• _TRY IT_: Print the whole listing exactly as it appears, but skip the pictures.

• _GIVEN MATERIAL_:
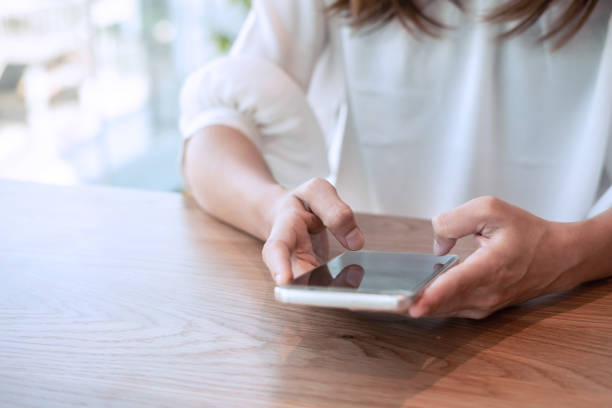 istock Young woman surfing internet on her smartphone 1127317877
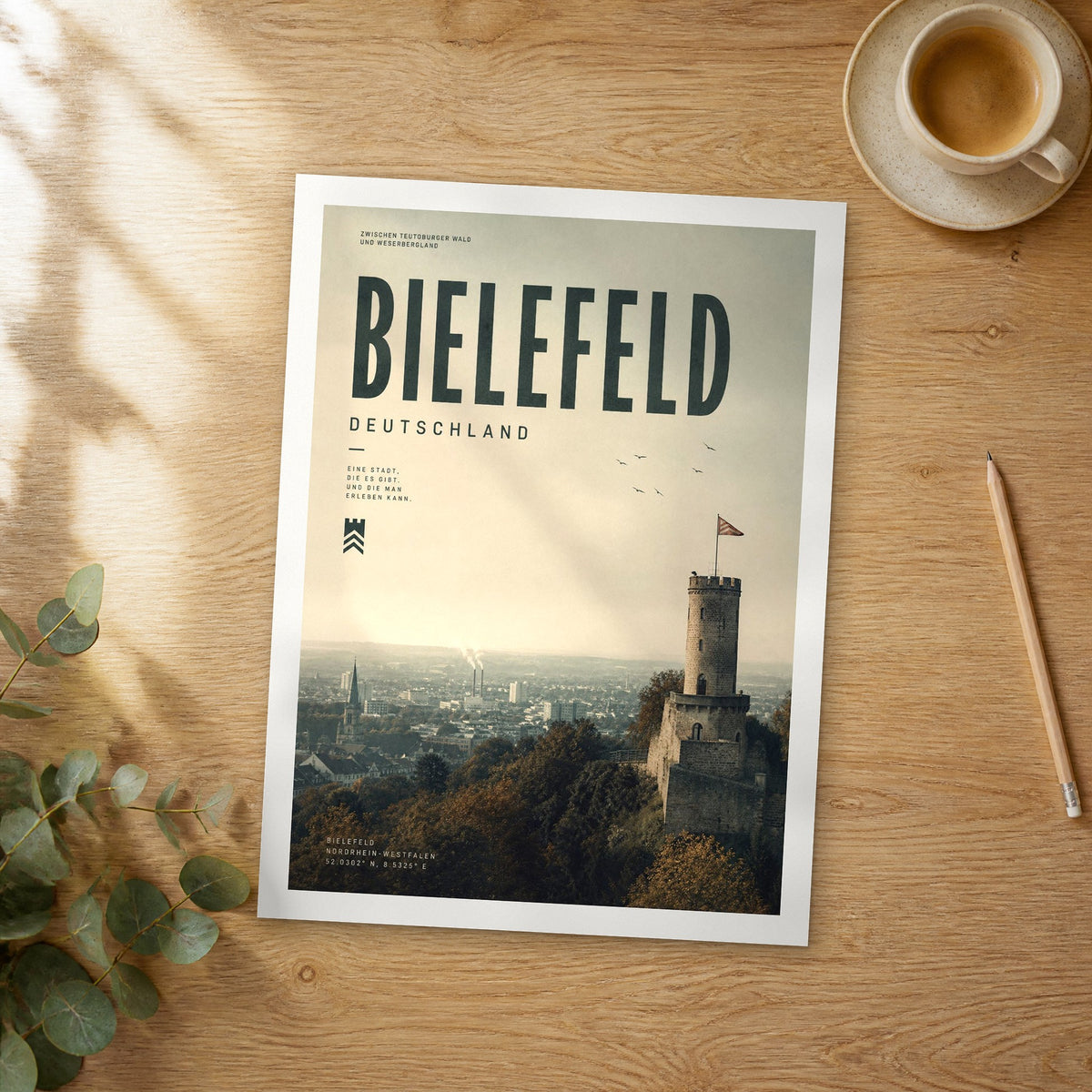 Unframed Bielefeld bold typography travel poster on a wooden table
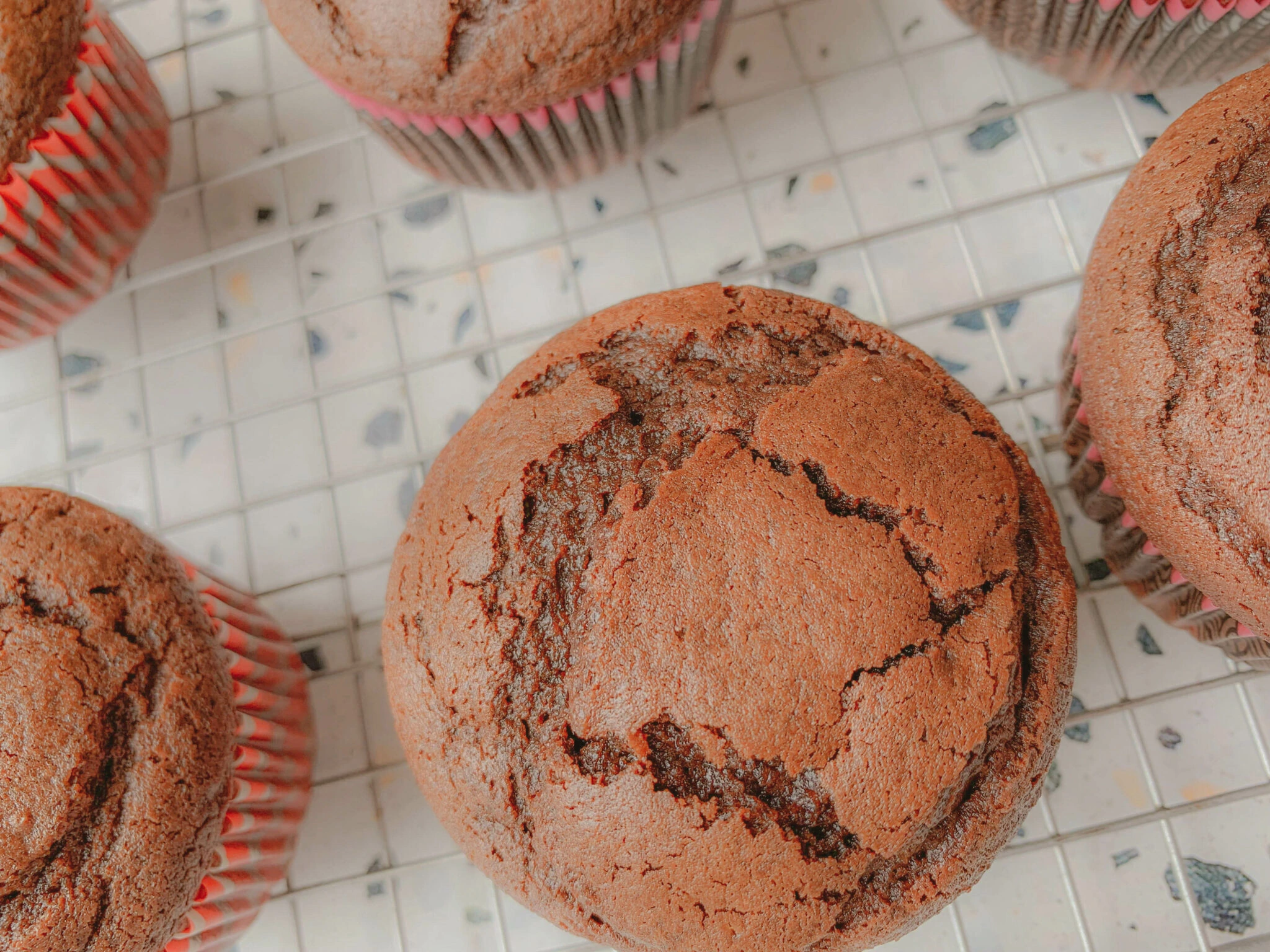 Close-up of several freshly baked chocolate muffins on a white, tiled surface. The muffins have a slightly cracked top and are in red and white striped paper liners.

• _FINAL ANSWER_:
 istock Young woman surfing internet on her smartphone 1127317877
 Unframed Bielefeld bold typography travel poster on a wooden table
 Close-up of several freshly baked chocolate muffins on a white, tiled surface. The muffins have a slightly cracked top and are in red and white striped paper liners.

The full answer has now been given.